The Executive Director of the Nigerian Export Promotion Council (NEPC), Mr. Segun Awolowo, says the Council has begun the implementation of the Export Expansion Facility Programme (EEFP) meant to move the nation away from pandemic to prosperity.
Awolowo, who stated this when he briefed State House correspondents at the end of closed doors meeting with President Muhammadu Buhari at the presidential villa, Abuja on Friday, said the programme would create additional job opportunities for women and youths across the country.
According to him, the EEFP is phenomenal commitment by the Federal Government to non-oil exports, and the first of its kind in Nigeria’s history.
He said: The EEFP will create jobs, employ women and youths. We will make sure the money gets to our exporting companies that really need it and expand the space for participation in non-oil exports by engaging in the entire eco-system including value chains.
“Money will not be concentrated in a few hands. We are moving from `#Pandemic2Prosperity’.”
He, therefore, assured that given the steps being taken to improve the non-oil exports, Nigeria would exit its dependence on crude oil revenue in 10 years.
According to the NEPC boss, in the next decade, Nigeria can get 30 billion dollars in terms of non oil export notwithstanding the effect of the current COVID-19 pandemic.
He said: “But more importantly, we must just continue, we must increase production and productivity all across the two sectors that the zero oil plan is postulating for the country and then we get out of it.

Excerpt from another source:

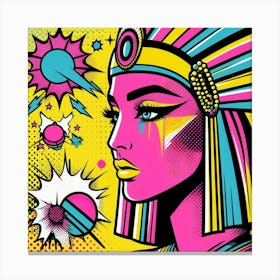 Pop Egyptian Amal Velvet Canvas Print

“We cannot run an economy that 90 percent of our earnings is from crude oil. It is just not working and that is what we are seeing through out the years when we went into first recession when the world oil prices stood worldwide.”

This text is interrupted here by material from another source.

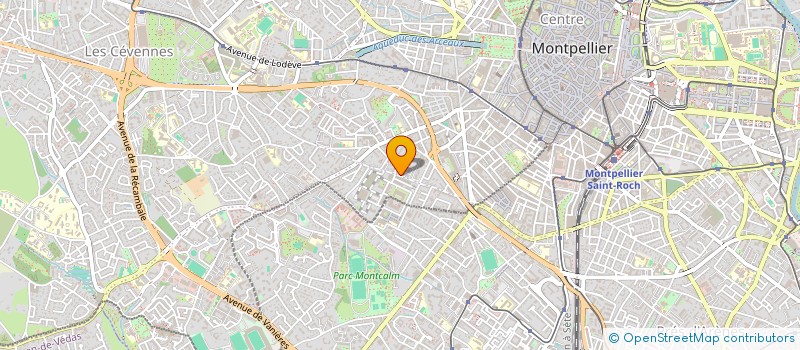 localisation de l'entreprise EGHC à MONTPELLIER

“We need to move again from just raw materials, we need to look at the entire value chain and that is where you create jobs and that is where you earn more money.
“So ten years time frame we are looking at how to get to $30 billion but we must be consistent, we must invest more in the non oil sector than looking for oil.”
He noted that the biggest surprise had been Nigeria’s swift recovery from recession in fourth quarter of 2020 and congratulated the president for his effort.
“In a now less predictable, less reliable and less generous world, he has definitely demonstrated with his leadership that we are able to build a resilient economy that can absorb all global shocks, whatever they may be, known and unknown,” he added.